Lemongrass Oil FreeImages.com/tatum mendoza

Lemongrass Oil

Cymbopogon citratus and Cymbopogon flexuosus also spelled Cymbopogan

[The lemongrass genus has over fifty different species worldwide, but only two are suitable for utilization as essential oil, Cymbopogan citratus and Cymbopogan flexuosus.]

Known Uses

Lemongrass oil is known for its anti-microbial, anti-bacterial and anti-inflammatory properties. It is also used for topical pain relief and is effective in controlling a fever caused by infection. Other benefits include its use as a muscle and tendon relaxer, to relieve headaches, to treat shock, heartburn, indigestion, acne, athlete’s foot, oily skin, hair loss, scalp conditions, pulled muscles, sprains and sports injuries, arthritis joint pain and to treat wounds. It has been effectively used to treat stress, fatigue, depression, high blood pressure, water retention, insomnia and body odor. Lemongrass oil is also a flea and insect repellant.

Additionally Lemongrass can be used as a cleaning product to reduce bacteria in your home. You can also use it in a diffuser to reduce airborne bacteria and your home will smell fresh and welcoming.

History

Lemongrass is a tall perennial plant, which flourishes in tropical and subtropical regions, such as in India, Cambodia, Malaysia, Indonesia, Sri Lanka, China, and Guatemala.

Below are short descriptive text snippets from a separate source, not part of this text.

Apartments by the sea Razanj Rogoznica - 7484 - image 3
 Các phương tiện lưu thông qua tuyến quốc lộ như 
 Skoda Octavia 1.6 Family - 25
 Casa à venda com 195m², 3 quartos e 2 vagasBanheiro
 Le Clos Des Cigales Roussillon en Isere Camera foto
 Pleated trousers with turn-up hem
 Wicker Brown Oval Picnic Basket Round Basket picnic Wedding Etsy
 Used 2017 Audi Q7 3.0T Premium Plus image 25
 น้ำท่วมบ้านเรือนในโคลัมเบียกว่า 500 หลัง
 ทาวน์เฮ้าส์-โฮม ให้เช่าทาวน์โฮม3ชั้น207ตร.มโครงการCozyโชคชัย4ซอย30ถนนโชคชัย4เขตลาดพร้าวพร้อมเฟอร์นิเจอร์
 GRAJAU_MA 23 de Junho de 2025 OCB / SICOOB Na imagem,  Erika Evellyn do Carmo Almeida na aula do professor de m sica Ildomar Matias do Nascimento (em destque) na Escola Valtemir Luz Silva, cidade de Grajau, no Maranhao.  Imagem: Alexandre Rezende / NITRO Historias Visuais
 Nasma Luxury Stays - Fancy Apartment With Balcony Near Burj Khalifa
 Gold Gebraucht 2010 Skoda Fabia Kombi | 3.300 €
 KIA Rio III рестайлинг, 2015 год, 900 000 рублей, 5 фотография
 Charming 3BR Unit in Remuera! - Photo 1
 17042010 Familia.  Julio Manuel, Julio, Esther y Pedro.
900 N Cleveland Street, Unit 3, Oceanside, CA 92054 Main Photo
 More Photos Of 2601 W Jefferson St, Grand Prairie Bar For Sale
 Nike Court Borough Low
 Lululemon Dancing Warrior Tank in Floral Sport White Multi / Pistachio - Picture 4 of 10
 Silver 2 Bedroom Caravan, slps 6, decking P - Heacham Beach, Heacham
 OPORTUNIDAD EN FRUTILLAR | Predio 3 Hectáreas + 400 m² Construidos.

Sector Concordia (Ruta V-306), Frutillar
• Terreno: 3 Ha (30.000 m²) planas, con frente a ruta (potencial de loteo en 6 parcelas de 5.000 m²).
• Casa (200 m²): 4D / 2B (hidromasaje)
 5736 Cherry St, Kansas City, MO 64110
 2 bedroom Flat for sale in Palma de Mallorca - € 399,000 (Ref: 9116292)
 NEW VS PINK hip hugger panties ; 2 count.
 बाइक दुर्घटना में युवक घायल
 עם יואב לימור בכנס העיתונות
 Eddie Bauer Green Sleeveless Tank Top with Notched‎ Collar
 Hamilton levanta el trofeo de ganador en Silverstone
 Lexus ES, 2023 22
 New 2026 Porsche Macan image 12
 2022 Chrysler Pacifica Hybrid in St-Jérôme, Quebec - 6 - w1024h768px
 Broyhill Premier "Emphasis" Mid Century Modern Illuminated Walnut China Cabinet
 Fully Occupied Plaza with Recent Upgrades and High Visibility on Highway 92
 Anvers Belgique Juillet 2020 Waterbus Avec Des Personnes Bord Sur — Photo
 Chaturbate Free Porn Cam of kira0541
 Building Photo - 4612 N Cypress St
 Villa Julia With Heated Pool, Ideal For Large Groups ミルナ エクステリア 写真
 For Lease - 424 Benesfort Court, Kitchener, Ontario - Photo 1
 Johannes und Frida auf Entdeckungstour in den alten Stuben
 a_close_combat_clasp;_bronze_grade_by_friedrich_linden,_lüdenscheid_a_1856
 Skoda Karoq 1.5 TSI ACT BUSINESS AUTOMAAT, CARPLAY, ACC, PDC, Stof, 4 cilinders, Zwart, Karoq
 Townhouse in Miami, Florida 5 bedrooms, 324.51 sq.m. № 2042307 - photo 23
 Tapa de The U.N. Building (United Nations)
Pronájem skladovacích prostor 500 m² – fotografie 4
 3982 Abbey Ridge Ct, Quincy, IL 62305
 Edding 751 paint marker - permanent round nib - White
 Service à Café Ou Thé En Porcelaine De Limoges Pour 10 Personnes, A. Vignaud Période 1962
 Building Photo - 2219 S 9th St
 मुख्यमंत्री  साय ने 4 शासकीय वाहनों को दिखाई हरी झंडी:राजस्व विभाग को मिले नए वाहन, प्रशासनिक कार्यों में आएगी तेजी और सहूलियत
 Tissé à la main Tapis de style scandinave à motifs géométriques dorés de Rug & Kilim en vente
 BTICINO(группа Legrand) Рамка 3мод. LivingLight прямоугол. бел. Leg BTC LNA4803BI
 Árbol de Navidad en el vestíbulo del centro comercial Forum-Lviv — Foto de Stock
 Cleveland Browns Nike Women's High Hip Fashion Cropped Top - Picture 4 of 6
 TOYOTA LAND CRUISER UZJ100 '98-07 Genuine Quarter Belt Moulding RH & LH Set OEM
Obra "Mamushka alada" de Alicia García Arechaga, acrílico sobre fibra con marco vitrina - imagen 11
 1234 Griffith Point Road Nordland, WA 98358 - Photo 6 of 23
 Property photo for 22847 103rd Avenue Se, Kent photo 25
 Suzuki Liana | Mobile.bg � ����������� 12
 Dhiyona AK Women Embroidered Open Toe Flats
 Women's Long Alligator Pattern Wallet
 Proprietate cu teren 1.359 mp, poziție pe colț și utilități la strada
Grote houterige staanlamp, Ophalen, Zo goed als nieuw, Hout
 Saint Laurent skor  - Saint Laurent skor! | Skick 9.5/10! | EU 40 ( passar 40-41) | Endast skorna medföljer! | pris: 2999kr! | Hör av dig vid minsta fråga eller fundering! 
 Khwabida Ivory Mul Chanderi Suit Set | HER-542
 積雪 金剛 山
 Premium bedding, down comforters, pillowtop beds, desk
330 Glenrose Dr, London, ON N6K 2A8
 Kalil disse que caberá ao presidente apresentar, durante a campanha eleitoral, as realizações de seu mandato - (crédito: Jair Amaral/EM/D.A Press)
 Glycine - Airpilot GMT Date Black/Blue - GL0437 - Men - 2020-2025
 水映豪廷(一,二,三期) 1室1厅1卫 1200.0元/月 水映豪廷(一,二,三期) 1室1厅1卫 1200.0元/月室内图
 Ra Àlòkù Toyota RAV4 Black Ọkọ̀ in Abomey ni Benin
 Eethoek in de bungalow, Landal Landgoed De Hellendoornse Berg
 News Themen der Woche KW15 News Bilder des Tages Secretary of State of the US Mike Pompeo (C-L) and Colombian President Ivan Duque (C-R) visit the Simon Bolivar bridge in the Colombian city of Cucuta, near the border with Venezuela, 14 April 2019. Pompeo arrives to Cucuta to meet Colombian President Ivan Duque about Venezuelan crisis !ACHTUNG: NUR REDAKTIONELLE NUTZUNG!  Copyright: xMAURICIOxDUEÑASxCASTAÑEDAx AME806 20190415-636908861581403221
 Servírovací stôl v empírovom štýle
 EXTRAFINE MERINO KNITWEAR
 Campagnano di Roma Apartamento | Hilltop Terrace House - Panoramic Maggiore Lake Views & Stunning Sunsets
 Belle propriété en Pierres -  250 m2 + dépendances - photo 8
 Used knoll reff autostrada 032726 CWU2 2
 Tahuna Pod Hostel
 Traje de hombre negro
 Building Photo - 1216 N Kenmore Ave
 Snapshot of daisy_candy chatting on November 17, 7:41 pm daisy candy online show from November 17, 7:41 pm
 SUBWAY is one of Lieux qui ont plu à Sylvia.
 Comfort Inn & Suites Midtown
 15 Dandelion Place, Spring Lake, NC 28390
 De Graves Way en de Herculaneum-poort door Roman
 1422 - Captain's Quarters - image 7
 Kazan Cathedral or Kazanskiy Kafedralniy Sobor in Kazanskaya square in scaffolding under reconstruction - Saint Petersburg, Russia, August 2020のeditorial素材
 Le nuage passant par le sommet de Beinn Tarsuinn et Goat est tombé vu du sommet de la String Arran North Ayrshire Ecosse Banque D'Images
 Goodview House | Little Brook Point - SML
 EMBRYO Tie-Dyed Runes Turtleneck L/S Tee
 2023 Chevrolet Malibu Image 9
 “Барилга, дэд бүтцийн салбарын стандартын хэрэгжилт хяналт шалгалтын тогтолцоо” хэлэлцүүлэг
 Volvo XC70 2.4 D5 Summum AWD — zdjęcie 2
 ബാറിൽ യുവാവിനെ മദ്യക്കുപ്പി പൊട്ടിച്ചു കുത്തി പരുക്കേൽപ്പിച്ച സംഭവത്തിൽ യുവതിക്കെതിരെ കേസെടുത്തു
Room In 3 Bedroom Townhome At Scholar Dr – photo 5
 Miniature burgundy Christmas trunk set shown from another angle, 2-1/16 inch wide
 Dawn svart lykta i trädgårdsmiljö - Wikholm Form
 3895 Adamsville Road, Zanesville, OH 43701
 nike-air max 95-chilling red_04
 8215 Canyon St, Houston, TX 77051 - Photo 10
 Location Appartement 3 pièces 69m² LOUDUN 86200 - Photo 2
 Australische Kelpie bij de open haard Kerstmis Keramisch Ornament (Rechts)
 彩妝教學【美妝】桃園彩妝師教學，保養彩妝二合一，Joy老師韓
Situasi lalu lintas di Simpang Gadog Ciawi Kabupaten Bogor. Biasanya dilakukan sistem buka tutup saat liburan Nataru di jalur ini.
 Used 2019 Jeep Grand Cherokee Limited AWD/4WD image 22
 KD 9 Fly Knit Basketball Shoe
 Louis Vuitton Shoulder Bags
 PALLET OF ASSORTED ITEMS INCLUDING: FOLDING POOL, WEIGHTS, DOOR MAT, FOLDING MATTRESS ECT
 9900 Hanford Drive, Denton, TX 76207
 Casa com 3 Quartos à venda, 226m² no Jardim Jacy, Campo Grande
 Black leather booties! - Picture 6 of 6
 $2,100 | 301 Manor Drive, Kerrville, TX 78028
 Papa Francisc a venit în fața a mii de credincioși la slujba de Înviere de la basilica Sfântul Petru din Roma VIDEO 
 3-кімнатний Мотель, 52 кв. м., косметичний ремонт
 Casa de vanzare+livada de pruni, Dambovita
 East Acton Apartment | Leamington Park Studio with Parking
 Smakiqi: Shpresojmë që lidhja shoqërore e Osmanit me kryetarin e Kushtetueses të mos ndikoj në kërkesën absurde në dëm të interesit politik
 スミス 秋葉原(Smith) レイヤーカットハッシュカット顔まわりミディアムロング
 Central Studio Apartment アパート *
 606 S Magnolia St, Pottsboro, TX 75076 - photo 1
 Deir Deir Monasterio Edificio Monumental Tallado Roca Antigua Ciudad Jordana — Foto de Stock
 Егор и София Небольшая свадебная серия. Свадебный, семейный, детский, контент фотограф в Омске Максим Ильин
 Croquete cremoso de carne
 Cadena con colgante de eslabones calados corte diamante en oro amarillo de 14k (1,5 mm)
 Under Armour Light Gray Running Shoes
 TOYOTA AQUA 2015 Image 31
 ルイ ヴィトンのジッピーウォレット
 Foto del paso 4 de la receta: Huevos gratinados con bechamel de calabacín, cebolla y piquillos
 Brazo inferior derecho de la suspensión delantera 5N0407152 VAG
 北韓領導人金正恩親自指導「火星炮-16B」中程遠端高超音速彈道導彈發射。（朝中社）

This plant grows in dense clumps and has bright-green, sharp-edged leaves, similar to grass. It is believed that lemon grass was being distilled for export from the Philippines as early as the 17th century. It has been a favorite oil in India for hundreds of years. In East India and Sri Lanka it is called “fever tea” and is used to treat ringworm and bruises as well. It is one of the most popular herbs in Brazil and the Caribbean for stress and digestive ailments. The Chinese use lemongrass to teat headaches, stomachaches, colds, and muscle pain.

Warning

When used topically on the skin, lemongrass should be combined with a carrier oil to prevent skin irritation, 2 drops to 1 teaspoon of carrier oil to begin.

Lemongrass oil should be used in a diffuser, with a carrier oil (olive, rice bran, grapeseed, or any unscented natural oil), or can be consumed as lemongrass tea. It is not recommend to take this oil orally without the supervision of a qualified health care provider.